Among my fondest snow memories: The year my aunt and uncle came to visit, and we had enough snowfall to build a snowman in the front yard. Afterward, my parents hitched a disk sled to the back of my uncle’s motorcycle, and we took turns being towed around our middle-class development at a gentle speed.


There was the year my dad woke my sister and me up in the middle of the night to go play in the snow. I must have been six or seven. I thought he was kidding, but he roused us out of bed, and we went outside and made snow angels in the moonlight while the flakes were still falling.

Maybe that same year, but definitely that same house (my memory is organized by houses), we lived on a great hill. We had a vast yard populated with fruit trees, evergreens, blackberries, and morning glories. Every night we watched the world roll away from the sun against the silhouette of the Snohomish Valley, Everett, and the Puget Sound beyond. The year that it snowed enough to cover everything and thickly ice the roads, my dad fashioned make-shift sleds out of carpet padding and thick plastic from the same carpet rolls, and we rode our scraps down the street on our hill for maybe half a mile before slowing down. It was our own rollercoaster ride as we sailed down the street, swept up in the middle where the road lifted just a bit. We flew. But not every year. Just that once.

In my memory, there were no other winters of significance until I was in college.

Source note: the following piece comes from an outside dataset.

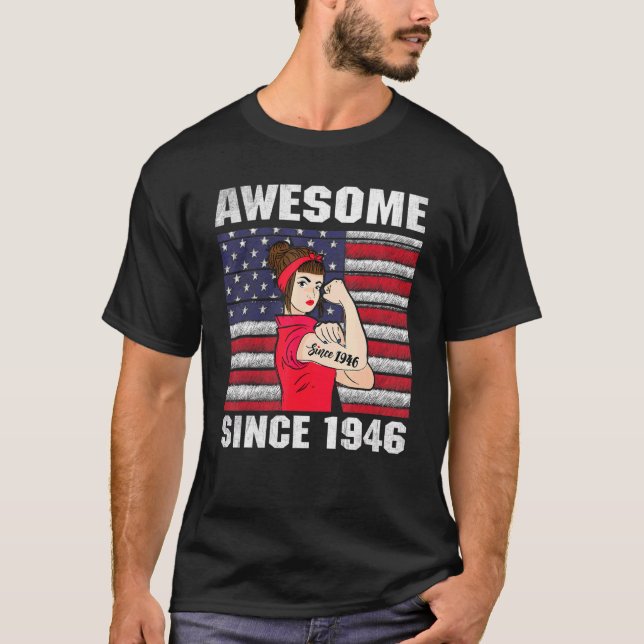 76 år gammal Fantastisk sedan 1946 76:e födelsedag T Shirt (Framsida)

Already in Pennsylvania this year we have had three snow days, ushered in by three different frosty weather systems, and now this mean little dusting just when the temperatures began to tease us. None of this has been extraordinary or record setting. This last little gust shows that we may even have several more before the season is through. For me, much has changed.

Is anything so wonderful as waking up to the whole world washed white? What is more utterly transforming? Under a blanket of white, the ugliest city street is dazzling, even mine. There are no potholes. There are no oil stains. We almost cannot tell one covered car from another. Everything is leveled, but not to the ground. We are all elevated to beauty.

As a kid I had a strong sense of this. I had a strong connection to the wonder and magic of the world around me, and I understood that under such a covering of beauty all was forgiven. I suspect that this is a talent common to all children, who await the prospect of a snow day with almost as much anticipation as of a visit from Sana Clause. To a child, snow is grace.

Here’s the thing I am wrestling with: I now hate snow. I hate it! I am old, and crabby, and when the weather man says there is a storm coming, I let my head fall back, and I slump defeatedly, thinking, “Oh, great!” There is no very good reason for my negativity about this- I don’t even have to leave my house. I don’t even have to dig my car out (well, not for a morning commute, anyways). Immediately, my mind recalculates the to-do list for the coming day, factoring in things like, shovel the walk, clean up puddles of water, extra laundry (drying, mostly), and pondering the question, “Do we have enough milk?” Forget angels. Forget roller coasters. Forget a day off. Forget being let off the hook. Forget the forgiveness offered by a snow day. Instead, I will be up early, digging myself out of a dark parking space, and when I am done with that, I will find a chair or a garbage can to use in place of a bright orange cone, and I will mark what’s mine.

You know you are officially old at heart when you are irritated by snow. Because you have to get up in it, and function in it, and the magic of it all is lost on you. But I have to attest that at this moment there are, outside my window, the most voluptuous mountains of snow that have been plowed aside (for the convenience of the grownups, mind you) which have been tunneled through again and again by all warring factions of neighborhood kids in relative harmony as they carved out caves together in the parking lot. It’s a little secret city. A little magic right here on J— Street.